Music. Plain and simply, I am thankful for music. Music has played a very significant role in my life, and I believe in the lives of most. I was raised on Elvis Presley and Bobby Darrin, Dean Martin and Frank Sinatra all from my mother, my father contributed 1970s country and western music (when I type those words "country and western", I cannot help but think of the way the lady bartender in The Blues Brothers says it when questioned on what kind of music usually plays at Bob's Country Bunker…"we have both kinds; country AND western", see this is my point, which I will inevitably make somewhere); the works of Freddy Fender, Hank Williams, Tanya Tucker and Razzy Bailey and Mel Tillis…this was the music of my youth. I remember listening around the family stereo; the record player/8-track/AM-FM stereo where Mom would play her Elvis records. I would sing along, and then I began to perform. I would pretend to be Elvis, lip syncing before it was cool.
Eventually, it came the time in a young man's life and I bought my first album, well, actually my younger brother and I combined our savings and we, together, bought our first album…Michael Jackson's Thriller, heaven forgive me, but no, I will not feel bad about it. It was 1983, we had just moved to a new town and Motown was celebrating an anniversary and the Jacksons performed, and Michael introduced the Moonwalk. Jeffery and I took our change, rode our bicycles to the local music store and we purchased the album. We used the family stereo, now moved from the Elvis lip syncing (strange MJ and the King's little Princess Lisa Marie [my childhood crush, and fantasy Sugar Momma] would later marry) days of our Breese, Illinois home to our new place across from the abandoned hat factory, the music of Motown was flowing into our home. My father wasn't happy about it; raised by a bigoted father and grandparents, Pops wasn't a fan of the music, nor it's affect on our culture, he believed, Archie Bunker-style, to stick to the classics.
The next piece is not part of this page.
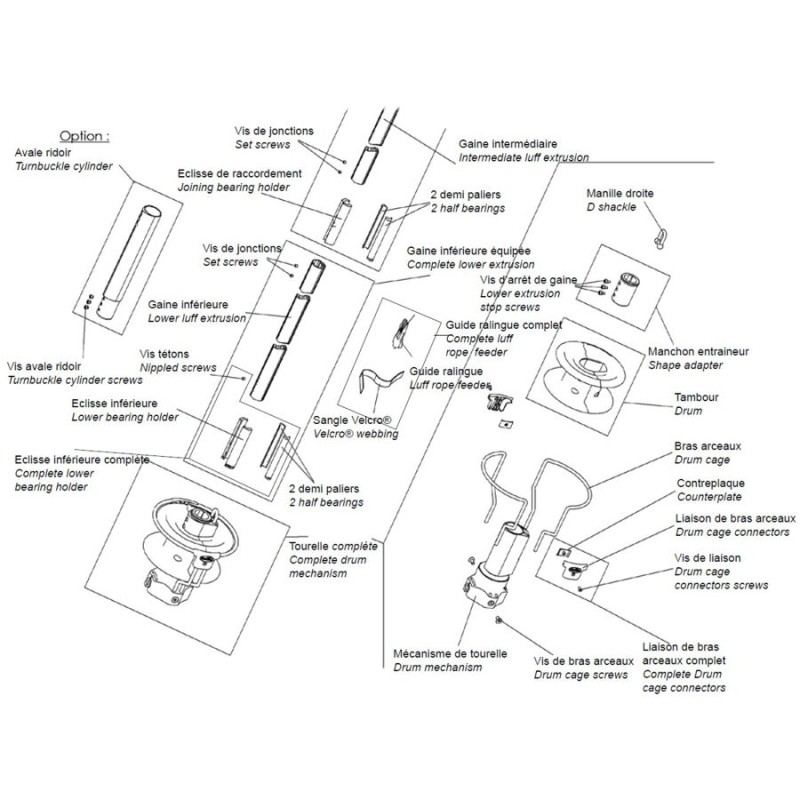 Profurl Manual Reefing System Headsail Furler Replacement Parts Descriptions - Lower Section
It wasn't too many years and I got my next significant album, from one of my best friends, a cassette of the Ghostbusters soundtrack. The saying "soundtrack" of my life is so true; we each have our own soundtrack, unique to us. Music gives us that. I worked, if you could call it that, as a disc jokey a few times, working parties in German-Greek neighborhood bars and American Sports Bars, and I learned from my mentor, a crazy mad man in his own right, that music touches on deep emotions. A song, just the hint of it, the first few notes, can transport you back to a place in your life, you see that moment, that time frame, almost like through a crystal ball, the clouds of years having hid it from daily use. We get entrapped with our lives we forget the music of our youth. My children, thank them so much and bless their hearts, have introduced me to newer music, but of course, by me liking the songs it ruins it for them. Robin Thicke is cool until Dad wants to sing the song. That Korean lepruchan was cool until Mom and Dad start doing the Gamora Dance, or whatever it was called. From the Macarena and the Electric Slide to the Cotton-Eyed Joe, the dances and the music have only changed the performers and the beats, but the music lives in; from the plastic bands, the pre-fabricated industry controlled Uzbekistan's Got Music Challenges to the garage musicians, teenagers trying to make a break for themselves. Music moves our lives.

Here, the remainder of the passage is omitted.